**Problem to work on:**
Every line of the records below that holds the word "White" should be copied out.

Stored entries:
============================================================
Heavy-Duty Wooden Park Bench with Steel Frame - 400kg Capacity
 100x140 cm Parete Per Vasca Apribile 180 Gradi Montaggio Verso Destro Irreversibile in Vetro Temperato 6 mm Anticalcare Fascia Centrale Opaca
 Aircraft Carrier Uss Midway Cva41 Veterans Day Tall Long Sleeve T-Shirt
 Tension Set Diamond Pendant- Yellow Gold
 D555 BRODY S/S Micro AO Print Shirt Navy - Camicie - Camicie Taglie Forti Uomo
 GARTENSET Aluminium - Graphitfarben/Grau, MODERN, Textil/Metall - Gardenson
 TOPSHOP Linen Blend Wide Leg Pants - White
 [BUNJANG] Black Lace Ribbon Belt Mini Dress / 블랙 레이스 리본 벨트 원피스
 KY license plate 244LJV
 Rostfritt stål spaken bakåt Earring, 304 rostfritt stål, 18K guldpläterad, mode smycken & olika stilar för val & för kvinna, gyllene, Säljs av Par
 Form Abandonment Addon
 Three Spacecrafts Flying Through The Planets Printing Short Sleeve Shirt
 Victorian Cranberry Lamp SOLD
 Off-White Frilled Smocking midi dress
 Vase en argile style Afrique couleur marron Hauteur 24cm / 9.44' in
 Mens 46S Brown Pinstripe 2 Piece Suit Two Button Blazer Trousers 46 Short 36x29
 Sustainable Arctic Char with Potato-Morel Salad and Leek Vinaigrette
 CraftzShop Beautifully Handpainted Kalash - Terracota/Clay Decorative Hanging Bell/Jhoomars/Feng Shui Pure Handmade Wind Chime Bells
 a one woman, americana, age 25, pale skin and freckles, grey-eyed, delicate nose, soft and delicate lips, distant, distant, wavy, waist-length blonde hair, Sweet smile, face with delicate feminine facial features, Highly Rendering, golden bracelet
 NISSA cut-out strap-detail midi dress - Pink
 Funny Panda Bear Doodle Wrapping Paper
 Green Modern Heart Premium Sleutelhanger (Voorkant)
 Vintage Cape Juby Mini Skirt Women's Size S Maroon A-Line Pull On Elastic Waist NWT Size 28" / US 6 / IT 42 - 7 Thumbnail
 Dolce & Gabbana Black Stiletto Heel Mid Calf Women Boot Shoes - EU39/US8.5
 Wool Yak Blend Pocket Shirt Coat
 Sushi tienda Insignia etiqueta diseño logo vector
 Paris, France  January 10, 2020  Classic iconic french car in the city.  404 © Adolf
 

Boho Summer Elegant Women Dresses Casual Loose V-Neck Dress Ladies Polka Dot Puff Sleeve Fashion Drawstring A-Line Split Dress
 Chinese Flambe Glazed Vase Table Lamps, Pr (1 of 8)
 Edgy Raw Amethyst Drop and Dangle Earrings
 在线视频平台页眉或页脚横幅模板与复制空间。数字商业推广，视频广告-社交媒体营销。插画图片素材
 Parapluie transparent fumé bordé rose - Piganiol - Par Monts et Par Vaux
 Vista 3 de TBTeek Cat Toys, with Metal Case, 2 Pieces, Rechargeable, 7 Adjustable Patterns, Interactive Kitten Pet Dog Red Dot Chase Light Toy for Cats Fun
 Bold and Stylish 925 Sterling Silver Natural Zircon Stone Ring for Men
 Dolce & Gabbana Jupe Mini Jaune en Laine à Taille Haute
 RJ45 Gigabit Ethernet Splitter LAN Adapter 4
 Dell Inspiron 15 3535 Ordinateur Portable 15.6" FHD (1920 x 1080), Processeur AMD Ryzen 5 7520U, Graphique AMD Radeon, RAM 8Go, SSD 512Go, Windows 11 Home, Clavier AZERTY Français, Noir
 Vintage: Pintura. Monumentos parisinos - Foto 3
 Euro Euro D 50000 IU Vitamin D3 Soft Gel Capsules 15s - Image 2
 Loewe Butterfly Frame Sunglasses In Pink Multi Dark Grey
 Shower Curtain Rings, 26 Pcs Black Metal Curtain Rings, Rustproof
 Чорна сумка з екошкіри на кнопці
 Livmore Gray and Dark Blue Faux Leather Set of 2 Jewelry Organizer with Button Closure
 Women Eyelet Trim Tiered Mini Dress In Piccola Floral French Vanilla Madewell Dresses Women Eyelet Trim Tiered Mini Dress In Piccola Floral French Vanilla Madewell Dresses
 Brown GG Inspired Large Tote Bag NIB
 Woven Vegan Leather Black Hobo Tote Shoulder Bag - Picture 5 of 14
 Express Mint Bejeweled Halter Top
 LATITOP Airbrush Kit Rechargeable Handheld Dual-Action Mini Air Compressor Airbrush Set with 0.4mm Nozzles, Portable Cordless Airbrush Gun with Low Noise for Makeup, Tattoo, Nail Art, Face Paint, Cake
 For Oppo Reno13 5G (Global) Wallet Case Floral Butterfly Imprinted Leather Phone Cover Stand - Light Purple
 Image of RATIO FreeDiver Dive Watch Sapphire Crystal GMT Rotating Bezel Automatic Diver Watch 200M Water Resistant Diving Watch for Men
============================================================
**Response to this exercise:**
 TOPSHOP Linen Blend Wide Leg Pants - White
 Off-White Frilled Smocking midi dress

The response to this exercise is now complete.